▶ _Study material_:

────────────────

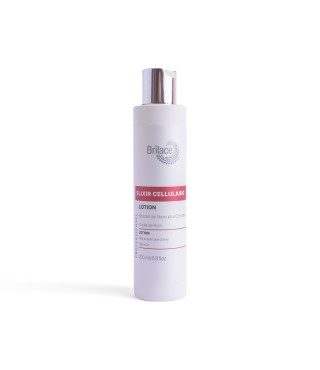 Brilace Лосьон для обличчя клітинний еліксир Lotion elixir cellulaire, 200 мл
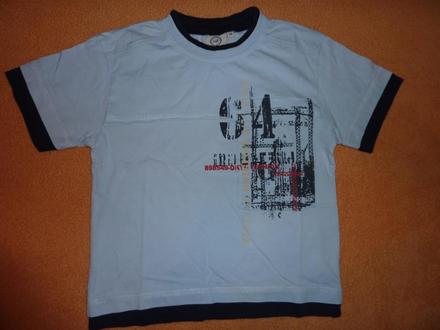 Tricko wenice, wenice,110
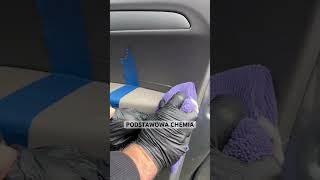 Podstawowa chemia detailing fun cardetailing comedy funny [upl. by Ronica]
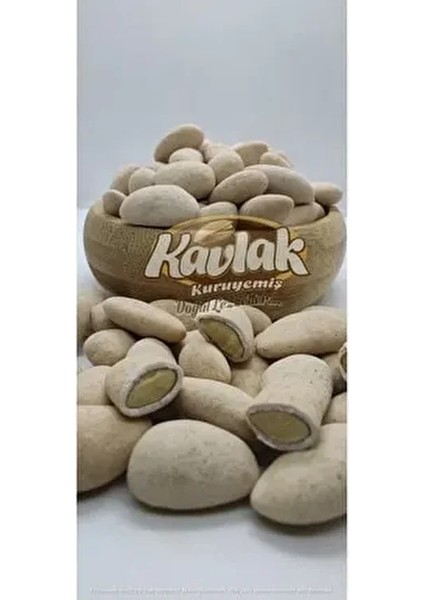 Mardin Usulü Tarçınlı Badem Şekeri 500 gr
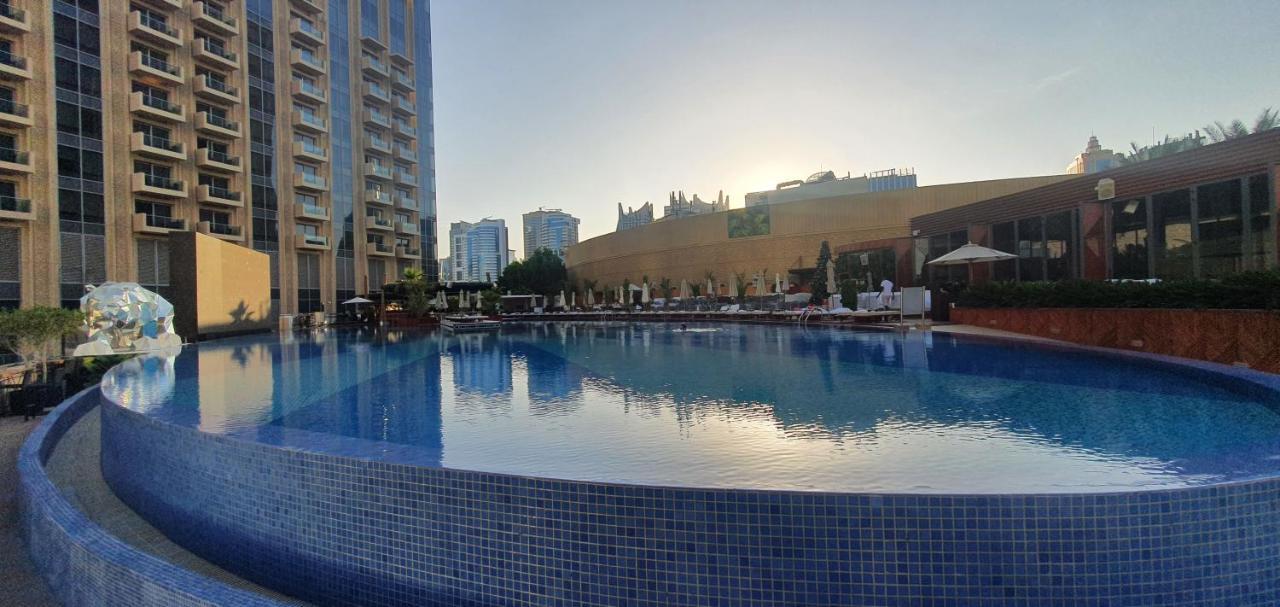 Stay Holiday Homes By Al Ghurair - Emaar Marina Residence Former Address Marina Residence- Dubai Exteriör bild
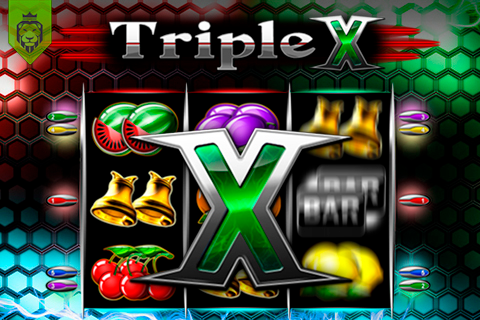 Triple X Lionline 1 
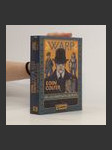 Warp - náhled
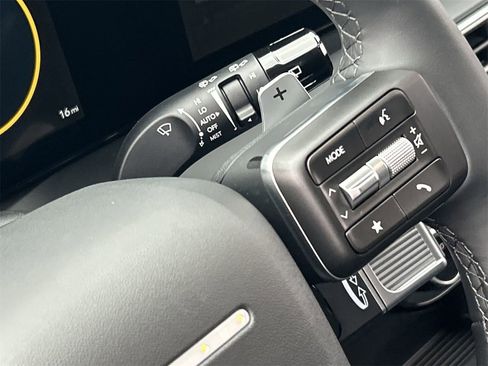 New 2026 Hyundai Palisade Calligraphy image 23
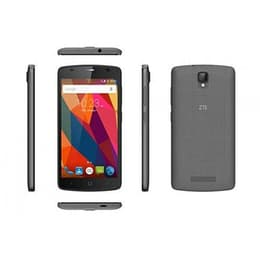 ZTE Blade L5 8GB - Grå - Olåst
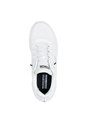 TENIS SKECHERS MUJER 128638WBK GO RUN CON Talla 5 de Skechers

────────────────

▶ _What you are asked to do_:
Beginning at the line that contains "Tricko wenice, wenice,110", give the remaining lines of the records again exactly, through the last one. Leave out pictures.

▶ _Result of the exercise_:
 Tricko wenice, wenice,110
 Podstawowa chemia detailing fun cardetailing comedy funny [upl. by Ronica]
 Mardin Usulü Tarçınlı Badem Şekeri 500 gr
 Stay Holiday Homes By Al Ghurair - Emaar Marina Residence Former Address Marina Residence- Dubai Exteriör bild
 Triple X Lionline 1 
 Warp - náhled
 New 2026 Hyundai Palisade Calligraphy image 23
 ZTE Blade L5 8GB - Grå - Olåst
 TENIS SKECHERS MUJER 128638WBK GO RUN CON Talla 5 de Skechers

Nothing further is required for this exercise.